EXERCISE REQUIREMENTS: Below are the records; pull every line that includes "Butterflies".

Segment Open

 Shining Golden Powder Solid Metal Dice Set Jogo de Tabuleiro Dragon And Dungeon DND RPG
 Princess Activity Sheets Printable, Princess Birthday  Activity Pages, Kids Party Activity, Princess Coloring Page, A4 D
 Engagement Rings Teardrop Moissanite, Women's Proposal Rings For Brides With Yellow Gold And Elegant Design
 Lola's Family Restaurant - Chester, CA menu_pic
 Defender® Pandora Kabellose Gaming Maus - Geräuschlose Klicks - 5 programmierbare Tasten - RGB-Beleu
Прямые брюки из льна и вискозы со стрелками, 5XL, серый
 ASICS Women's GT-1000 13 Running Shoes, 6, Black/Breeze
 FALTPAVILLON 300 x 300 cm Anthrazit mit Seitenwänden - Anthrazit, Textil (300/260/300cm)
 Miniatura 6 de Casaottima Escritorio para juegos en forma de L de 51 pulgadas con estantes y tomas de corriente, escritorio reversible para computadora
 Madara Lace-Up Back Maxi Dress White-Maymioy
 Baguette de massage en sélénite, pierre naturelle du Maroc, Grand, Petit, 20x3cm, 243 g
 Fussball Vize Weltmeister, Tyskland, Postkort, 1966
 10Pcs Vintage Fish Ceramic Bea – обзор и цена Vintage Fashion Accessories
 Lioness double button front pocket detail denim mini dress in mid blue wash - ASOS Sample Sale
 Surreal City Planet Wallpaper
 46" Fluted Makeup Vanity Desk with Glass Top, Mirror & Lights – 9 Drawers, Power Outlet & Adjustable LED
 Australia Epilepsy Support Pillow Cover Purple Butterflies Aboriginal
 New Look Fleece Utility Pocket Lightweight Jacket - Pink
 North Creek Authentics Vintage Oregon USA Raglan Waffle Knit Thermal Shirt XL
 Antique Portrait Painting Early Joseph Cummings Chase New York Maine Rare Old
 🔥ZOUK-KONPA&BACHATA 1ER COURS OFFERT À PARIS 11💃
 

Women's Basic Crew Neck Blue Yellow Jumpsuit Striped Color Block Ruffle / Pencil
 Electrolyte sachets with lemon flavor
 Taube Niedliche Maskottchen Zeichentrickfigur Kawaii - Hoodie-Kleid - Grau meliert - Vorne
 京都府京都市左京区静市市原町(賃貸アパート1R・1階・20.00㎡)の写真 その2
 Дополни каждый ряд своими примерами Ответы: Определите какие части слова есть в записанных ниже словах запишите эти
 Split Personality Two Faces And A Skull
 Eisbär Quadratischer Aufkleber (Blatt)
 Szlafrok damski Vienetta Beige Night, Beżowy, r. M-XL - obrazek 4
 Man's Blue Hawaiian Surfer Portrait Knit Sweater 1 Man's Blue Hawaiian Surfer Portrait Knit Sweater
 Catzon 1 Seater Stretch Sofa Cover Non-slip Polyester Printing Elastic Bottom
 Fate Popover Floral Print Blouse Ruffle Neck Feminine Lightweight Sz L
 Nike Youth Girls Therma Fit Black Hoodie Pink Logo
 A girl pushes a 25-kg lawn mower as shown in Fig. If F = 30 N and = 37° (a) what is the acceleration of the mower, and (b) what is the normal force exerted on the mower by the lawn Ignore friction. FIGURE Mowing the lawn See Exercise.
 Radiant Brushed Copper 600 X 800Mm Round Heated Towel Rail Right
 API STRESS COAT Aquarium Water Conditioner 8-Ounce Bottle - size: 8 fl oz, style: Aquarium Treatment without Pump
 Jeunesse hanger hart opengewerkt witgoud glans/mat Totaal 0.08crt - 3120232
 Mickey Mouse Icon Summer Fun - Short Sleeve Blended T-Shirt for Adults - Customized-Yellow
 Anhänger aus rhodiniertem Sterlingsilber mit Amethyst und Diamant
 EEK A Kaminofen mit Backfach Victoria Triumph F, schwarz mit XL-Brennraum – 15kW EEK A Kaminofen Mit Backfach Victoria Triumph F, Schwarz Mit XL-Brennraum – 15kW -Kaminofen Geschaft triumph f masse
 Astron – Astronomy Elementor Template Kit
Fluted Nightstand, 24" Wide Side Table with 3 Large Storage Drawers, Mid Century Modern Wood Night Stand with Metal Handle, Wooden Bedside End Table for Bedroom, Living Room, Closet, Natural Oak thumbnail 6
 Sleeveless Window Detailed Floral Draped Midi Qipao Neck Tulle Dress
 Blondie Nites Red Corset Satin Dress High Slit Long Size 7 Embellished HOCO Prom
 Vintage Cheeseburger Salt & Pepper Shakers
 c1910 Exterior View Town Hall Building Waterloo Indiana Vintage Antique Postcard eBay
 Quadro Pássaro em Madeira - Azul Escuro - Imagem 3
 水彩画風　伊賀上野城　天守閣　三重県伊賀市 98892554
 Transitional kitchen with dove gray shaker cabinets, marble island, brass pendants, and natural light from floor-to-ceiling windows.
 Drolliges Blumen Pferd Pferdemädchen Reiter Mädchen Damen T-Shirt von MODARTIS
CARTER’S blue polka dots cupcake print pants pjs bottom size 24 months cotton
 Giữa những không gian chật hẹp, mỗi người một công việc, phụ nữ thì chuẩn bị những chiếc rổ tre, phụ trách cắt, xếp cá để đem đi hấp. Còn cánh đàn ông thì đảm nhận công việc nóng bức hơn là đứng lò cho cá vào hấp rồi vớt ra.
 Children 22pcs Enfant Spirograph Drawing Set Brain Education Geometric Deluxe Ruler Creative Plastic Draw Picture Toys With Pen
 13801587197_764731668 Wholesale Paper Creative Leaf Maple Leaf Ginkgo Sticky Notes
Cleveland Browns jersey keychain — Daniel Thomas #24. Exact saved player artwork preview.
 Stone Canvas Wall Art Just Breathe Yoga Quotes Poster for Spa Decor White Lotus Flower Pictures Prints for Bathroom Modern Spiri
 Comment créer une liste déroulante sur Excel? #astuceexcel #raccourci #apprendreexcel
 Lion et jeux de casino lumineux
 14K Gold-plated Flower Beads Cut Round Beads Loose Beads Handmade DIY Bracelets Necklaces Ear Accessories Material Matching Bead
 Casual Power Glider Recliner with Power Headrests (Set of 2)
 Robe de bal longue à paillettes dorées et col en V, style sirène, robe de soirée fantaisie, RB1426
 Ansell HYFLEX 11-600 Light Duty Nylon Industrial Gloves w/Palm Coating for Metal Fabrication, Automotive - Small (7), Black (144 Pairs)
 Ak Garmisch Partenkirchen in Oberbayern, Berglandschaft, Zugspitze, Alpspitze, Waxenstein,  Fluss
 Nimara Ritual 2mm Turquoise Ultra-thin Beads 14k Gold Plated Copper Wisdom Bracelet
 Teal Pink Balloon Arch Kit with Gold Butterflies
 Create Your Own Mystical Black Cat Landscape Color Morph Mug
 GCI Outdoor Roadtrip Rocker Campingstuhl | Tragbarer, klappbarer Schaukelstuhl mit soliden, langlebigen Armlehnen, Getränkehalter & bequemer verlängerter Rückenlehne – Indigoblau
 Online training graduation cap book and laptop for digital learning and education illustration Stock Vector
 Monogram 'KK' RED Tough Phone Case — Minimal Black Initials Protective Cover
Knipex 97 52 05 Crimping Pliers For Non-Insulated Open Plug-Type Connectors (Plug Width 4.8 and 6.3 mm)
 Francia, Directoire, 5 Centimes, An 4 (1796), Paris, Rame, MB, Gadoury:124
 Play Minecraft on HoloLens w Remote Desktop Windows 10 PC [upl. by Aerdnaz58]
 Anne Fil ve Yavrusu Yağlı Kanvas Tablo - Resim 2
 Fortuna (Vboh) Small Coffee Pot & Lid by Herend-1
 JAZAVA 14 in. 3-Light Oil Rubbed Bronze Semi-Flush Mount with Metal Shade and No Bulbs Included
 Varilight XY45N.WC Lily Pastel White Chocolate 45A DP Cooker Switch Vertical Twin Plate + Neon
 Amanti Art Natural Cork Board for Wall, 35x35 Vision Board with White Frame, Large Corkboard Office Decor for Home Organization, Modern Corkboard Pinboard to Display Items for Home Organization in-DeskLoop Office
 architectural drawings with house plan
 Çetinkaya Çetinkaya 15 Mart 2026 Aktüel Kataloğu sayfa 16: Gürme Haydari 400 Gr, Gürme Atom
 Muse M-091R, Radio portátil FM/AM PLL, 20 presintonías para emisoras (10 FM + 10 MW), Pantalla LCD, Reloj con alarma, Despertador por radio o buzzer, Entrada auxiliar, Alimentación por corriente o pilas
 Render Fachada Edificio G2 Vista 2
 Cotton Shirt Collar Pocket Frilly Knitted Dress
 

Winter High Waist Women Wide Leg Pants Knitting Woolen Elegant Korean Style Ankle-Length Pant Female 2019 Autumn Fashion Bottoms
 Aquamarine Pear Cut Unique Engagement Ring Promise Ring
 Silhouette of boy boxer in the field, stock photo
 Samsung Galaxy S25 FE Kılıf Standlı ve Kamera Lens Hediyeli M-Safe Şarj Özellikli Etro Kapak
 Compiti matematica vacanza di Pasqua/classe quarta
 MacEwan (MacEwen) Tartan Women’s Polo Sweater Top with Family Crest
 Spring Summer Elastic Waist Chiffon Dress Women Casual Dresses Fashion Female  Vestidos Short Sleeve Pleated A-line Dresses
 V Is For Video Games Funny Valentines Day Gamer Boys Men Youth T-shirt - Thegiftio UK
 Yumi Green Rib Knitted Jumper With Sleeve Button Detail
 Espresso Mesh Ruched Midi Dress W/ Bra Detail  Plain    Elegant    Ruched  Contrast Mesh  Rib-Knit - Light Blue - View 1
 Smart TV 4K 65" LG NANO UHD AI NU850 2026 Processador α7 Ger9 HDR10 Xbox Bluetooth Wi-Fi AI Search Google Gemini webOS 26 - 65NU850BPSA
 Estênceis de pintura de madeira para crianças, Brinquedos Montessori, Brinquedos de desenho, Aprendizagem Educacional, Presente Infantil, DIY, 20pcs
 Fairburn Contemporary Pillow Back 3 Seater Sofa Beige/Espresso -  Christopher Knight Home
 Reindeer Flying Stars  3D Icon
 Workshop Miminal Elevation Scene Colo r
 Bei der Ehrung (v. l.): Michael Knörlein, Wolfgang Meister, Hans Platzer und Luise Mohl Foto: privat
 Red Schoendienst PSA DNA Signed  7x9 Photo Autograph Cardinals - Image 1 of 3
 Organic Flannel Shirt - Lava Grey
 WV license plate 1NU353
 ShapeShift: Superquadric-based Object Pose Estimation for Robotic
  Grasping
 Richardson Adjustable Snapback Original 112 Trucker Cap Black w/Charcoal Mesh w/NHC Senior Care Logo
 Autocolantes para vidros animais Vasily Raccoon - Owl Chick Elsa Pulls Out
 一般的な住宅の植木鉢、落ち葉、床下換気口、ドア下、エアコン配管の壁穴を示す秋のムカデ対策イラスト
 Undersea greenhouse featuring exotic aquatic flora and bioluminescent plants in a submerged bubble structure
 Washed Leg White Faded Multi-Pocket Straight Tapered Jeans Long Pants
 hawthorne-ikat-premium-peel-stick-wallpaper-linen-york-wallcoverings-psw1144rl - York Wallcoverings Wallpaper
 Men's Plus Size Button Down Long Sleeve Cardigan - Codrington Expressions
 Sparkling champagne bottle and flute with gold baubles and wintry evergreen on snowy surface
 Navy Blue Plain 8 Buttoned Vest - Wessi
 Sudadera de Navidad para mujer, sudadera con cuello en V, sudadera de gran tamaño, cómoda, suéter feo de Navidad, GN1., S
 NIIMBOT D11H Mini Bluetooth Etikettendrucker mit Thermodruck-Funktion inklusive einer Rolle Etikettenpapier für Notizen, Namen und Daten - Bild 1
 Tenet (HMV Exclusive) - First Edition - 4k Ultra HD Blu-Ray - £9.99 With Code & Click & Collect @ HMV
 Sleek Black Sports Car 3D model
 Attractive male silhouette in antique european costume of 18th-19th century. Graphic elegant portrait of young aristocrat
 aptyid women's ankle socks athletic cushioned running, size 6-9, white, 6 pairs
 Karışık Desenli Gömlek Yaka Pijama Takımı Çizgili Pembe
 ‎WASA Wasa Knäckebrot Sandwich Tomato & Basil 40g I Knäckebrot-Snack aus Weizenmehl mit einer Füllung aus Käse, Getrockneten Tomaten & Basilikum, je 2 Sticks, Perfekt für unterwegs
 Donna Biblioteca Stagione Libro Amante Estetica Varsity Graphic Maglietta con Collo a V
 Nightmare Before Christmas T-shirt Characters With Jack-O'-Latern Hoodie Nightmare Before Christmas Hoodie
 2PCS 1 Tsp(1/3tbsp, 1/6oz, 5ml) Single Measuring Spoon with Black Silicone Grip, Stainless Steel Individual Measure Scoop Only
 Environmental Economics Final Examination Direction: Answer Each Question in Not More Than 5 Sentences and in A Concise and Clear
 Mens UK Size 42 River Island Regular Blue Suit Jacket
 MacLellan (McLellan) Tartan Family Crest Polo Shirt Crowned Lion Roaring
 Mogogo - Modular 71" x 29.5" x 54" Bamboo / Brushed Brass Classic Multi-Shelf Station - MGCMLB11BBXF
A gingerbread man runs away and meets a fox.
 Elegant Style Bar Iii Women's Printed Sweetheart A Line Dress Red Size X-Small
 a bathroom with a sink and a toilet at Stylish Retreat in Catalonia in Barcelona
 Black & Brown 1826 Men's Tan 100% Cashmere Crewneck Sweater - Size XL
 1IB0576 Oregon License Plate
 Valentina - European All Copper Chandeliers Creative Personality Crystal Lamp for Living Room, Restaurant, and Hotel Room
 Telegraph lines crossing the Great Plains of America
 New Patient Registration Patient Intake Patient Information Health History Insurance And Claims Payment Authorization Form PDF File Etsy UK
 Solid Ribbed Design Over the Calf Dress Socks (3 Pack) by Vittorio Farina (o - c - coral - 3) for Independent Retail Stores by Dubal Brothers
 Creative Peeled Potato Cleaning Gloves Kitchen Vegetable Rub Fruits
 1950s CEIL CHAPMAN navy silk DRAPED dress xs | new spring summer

Segment Closed

FINISHED TASK:
 Australia Epilepsy Support Pillow Cover Purple Butterflies Aboriginal
 Teal Pink Balloon Arch Kit with Gold Butterflies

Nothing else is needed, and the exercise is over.